YOUR GOAL:
Without any pictures, copy the records below once more, exactly as they are.

MATERIAL PROVIDED:
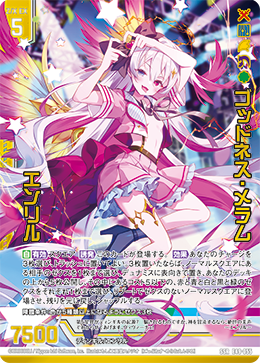 sec クリスタルジェリーフィッシュ sec クリスタルジェリーフィッシュ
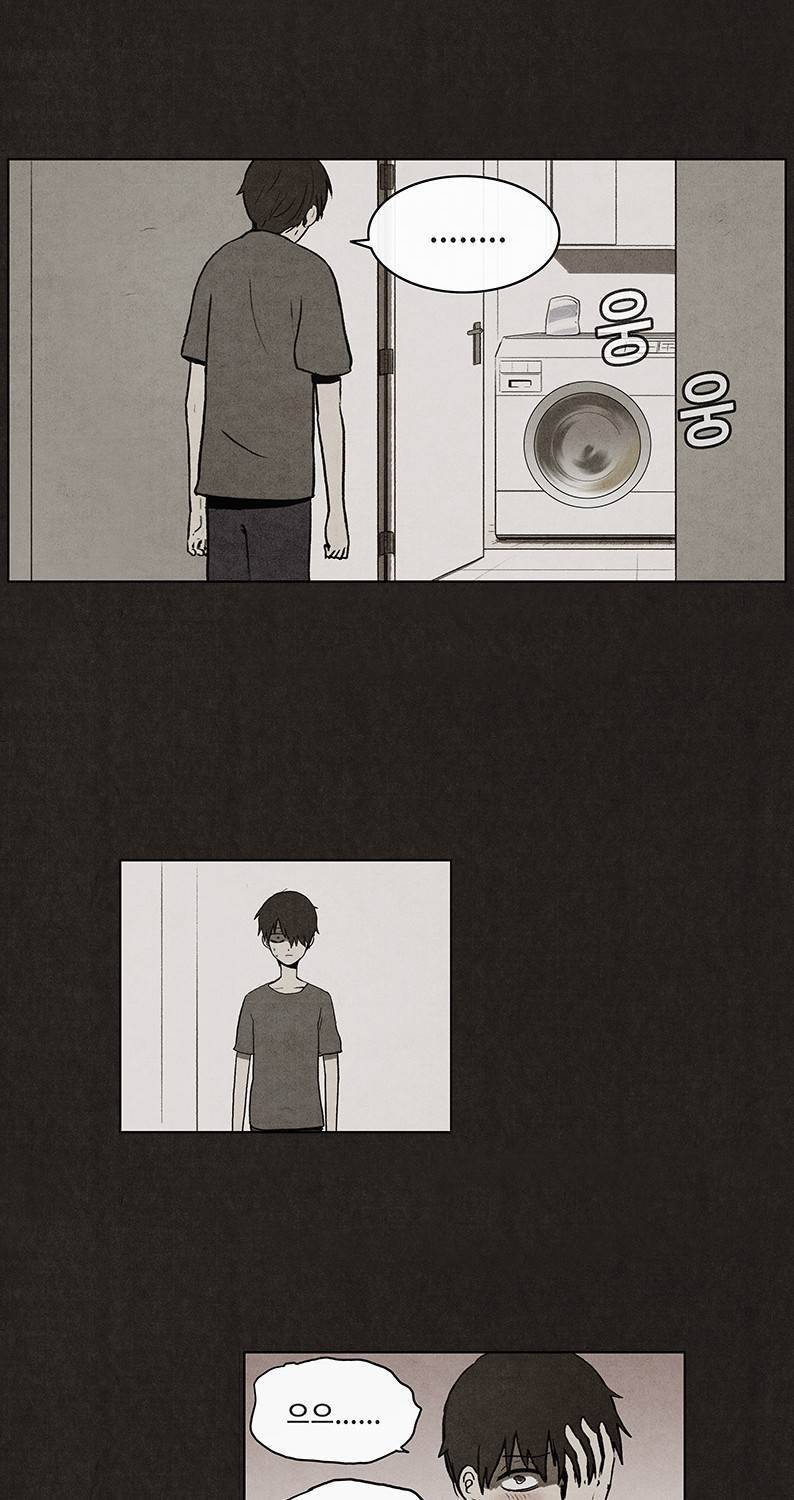 후레자식 24화 14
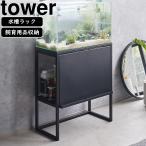 YAMAZAKI Yamazaki реальный индустрия аквариум подставка tower черный 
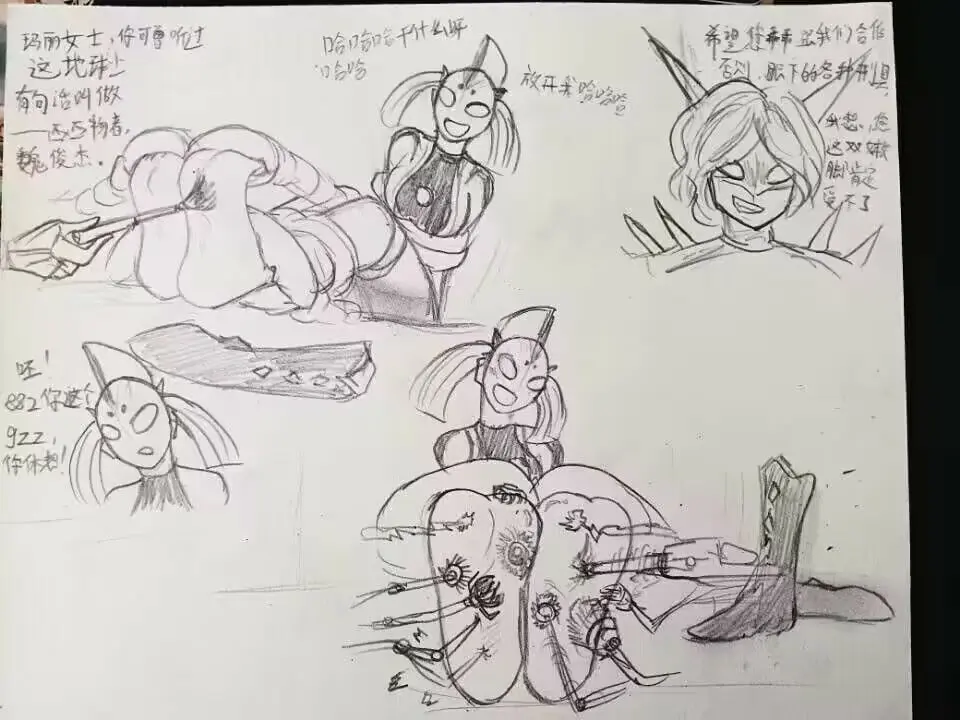 我的收藏 Page.26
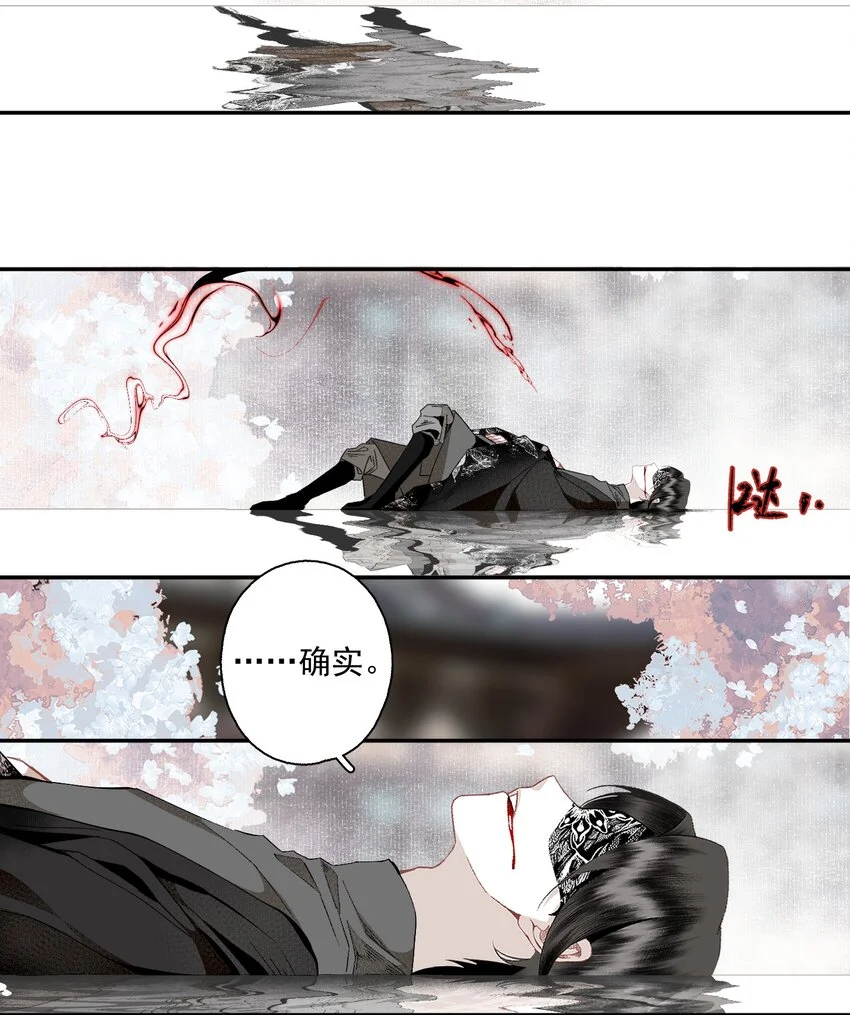 116 审时度势16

WRITTEN ANSWER:
 sec クリスタルジェリーフィッシュ sec クリスタルジェリーフィッシュ
 후레자식 24화 14
 YAMAZAKI Yamazaki реальный индустрия аквариум подставка tower черный 
 我的收藏 Page.26
 116 审时度势16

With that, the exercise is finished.